Repeat every line of the data exactly, but not the pictures.

** Dataset section **
>>>>>

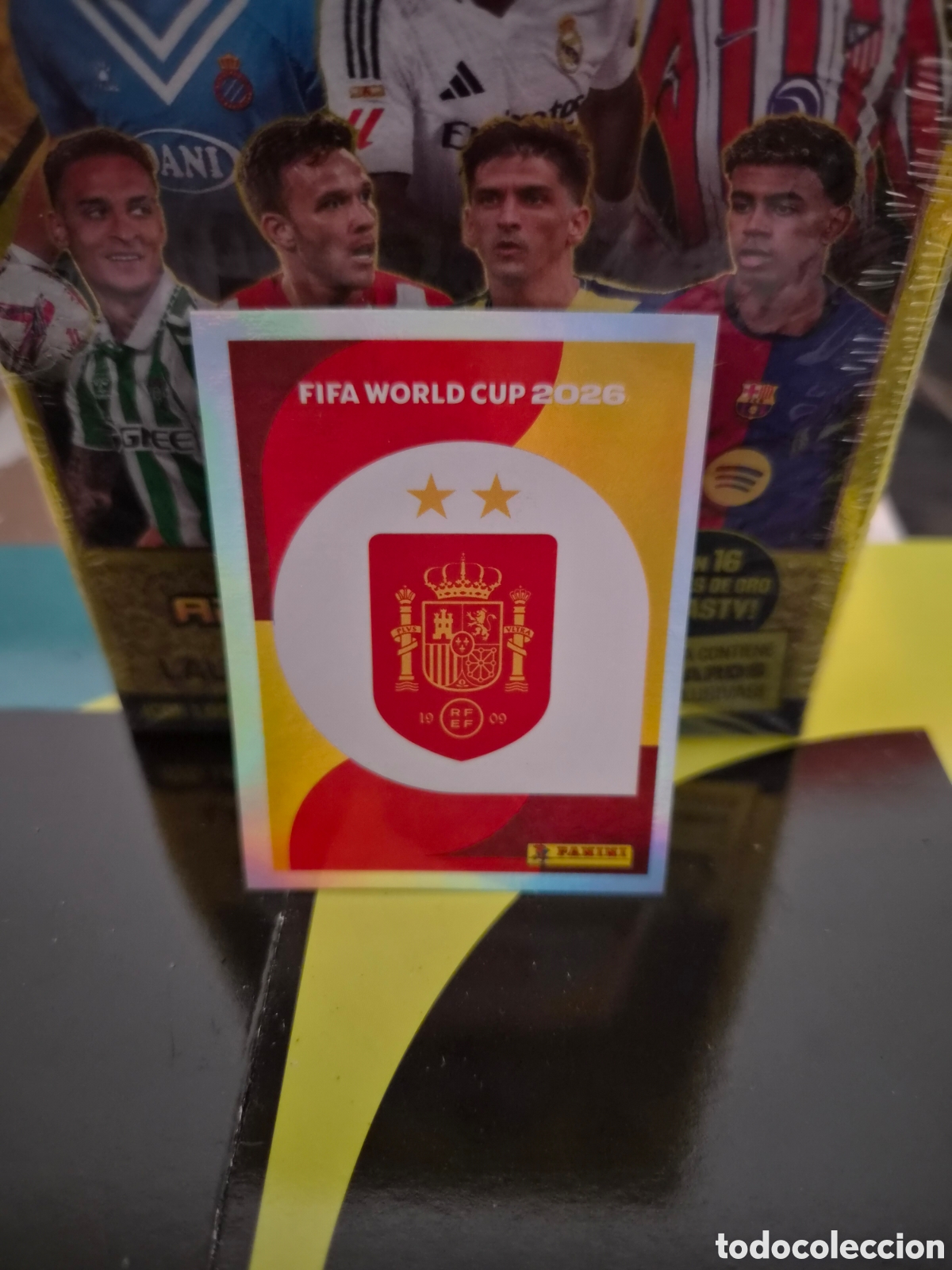 Cromos de f&uacute;tbol: ESP1Bis Escudo Espa&ntilde;a FIFA World Cup 2026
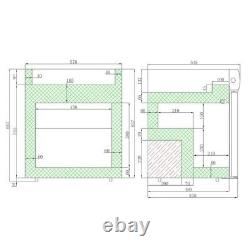 Tefcold UF50GCP-P + Canopy Glass Door White Display Freezer (Boxed New)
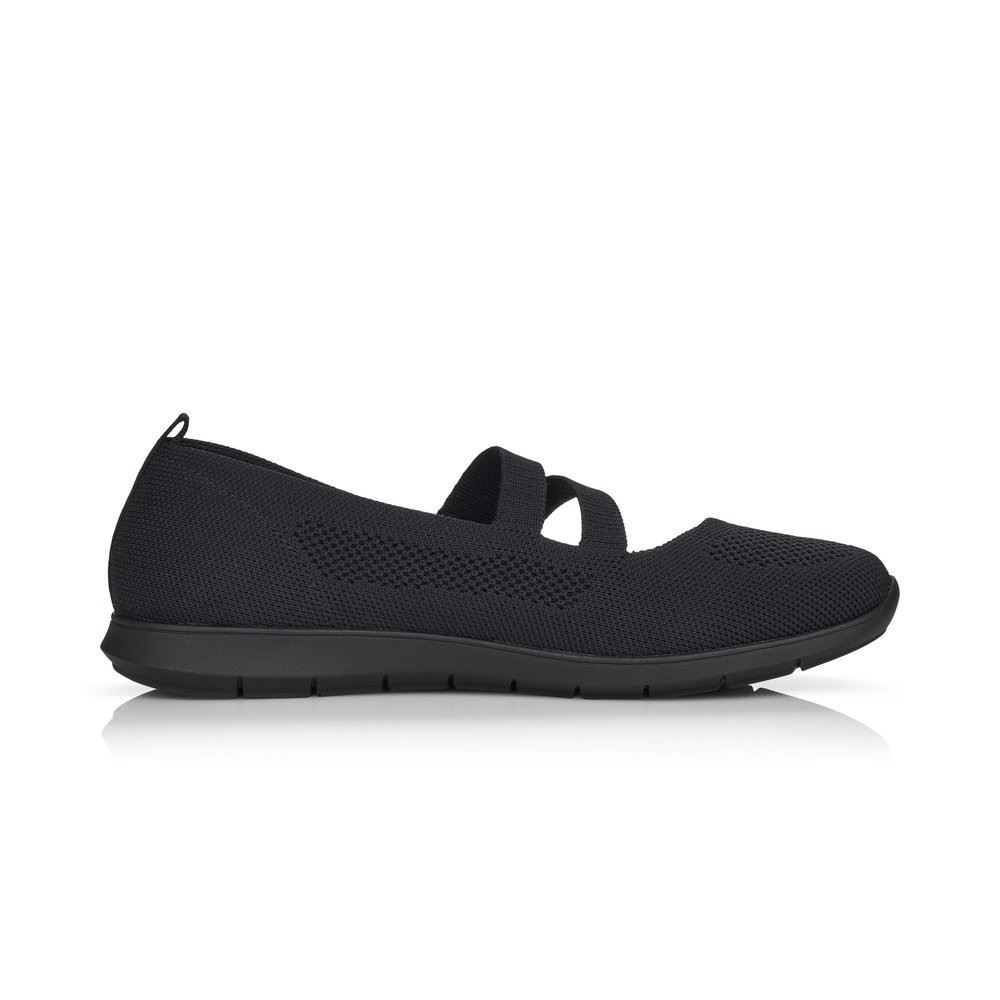 Remonte Damen Ballerinas schwarz R7102-01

<<<<<

** Result of the exercise **
 Cromos de f&uacute;tbol: ESP1Bis Escudo Espa&ntilde;a FIFA World Cup 2026
 Tefcold UF50GCP-P + Canopy Glass Door White Display Freezer (Boxed New)
 Remonte Damen Ballerinas schwarz R7102-01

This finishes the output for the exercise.